## Prompt
Within the listing below, the lines to output run from the one containing "Disney Store Belle Pyjamas For Kids" through the one containing "Предварительный просмотр 10"; copy them exactly and nothing else.

%%

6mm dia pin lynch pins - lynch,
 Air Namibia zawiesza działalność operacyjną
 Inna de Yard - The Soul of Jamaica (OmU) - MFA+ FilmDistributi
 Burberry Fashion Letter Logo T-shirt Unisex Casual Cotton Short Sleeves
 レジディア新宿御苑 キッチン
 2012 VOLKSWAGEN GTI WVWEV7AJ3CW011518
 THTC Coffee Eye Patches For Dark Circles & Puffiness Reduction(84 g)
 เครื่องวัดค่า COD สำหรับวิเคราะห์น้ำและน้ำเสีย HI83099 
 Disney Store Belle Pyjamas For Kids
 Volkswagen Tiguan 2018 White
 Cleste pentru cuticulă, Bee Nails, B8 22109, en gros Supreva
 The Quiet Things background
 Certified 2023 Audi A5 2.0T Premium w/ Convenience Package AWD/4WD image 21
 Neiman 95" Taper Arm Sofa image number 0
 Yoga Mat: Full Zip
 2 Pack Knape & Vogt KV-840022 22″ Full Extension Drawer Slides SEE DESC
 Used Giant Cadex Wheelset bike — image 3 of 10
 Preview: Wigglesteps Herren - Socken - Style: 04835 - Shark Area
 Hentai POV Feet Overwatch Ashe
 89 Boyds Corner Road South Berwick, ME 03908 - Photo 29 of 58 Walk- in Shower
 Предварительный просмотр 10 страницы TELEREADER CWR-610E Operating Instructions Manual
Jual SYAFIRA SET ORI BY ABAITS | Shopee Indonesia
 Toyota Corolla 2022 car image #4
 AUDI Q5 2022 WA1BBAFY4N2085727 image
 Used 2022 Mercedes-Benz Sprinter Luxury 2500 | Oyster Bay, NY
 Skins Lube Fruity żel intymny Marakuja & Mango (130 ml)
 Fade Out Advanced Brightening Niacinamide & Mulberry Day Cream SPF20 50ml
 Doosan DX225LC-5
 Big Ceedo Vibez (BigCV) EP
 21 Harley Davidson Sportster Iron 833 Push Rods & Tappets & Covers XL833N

%%

## Solution
 Disney Store Belle Pyjamas For Kids
 Volkswagen Tiguan 2018 White
 Cleste pentru cuticulă, Bee Nails, B8 22109, en gros Supreva
 The Quiet Things background
 Certified 2023 Audi A5 2.0T Premium w/ Convenience Package AWD/4WD image 21
 Neiman 95" Taper Arm Sofa image number 0
 Yoga Mat: Full Zip
 2 Pack Knape & Vogt KV-840022 22″ Full Extension Drawer Slides SEE DESC
 Used Giant Cadex Wheelset bike — image 3 of 10
 Preview: Wigglesteps Herren - Socken - Style: 04835 - Shark Area
 Hentai POV Feet Overwatch Ashe
 89 Boyds Corner Road South Berwick, ME 03908 - Photo 29 of 58 Walk- in Shower
 Предварительный просмотр 10 страницы TELEREADER CWR-610E Operating Instructions Manual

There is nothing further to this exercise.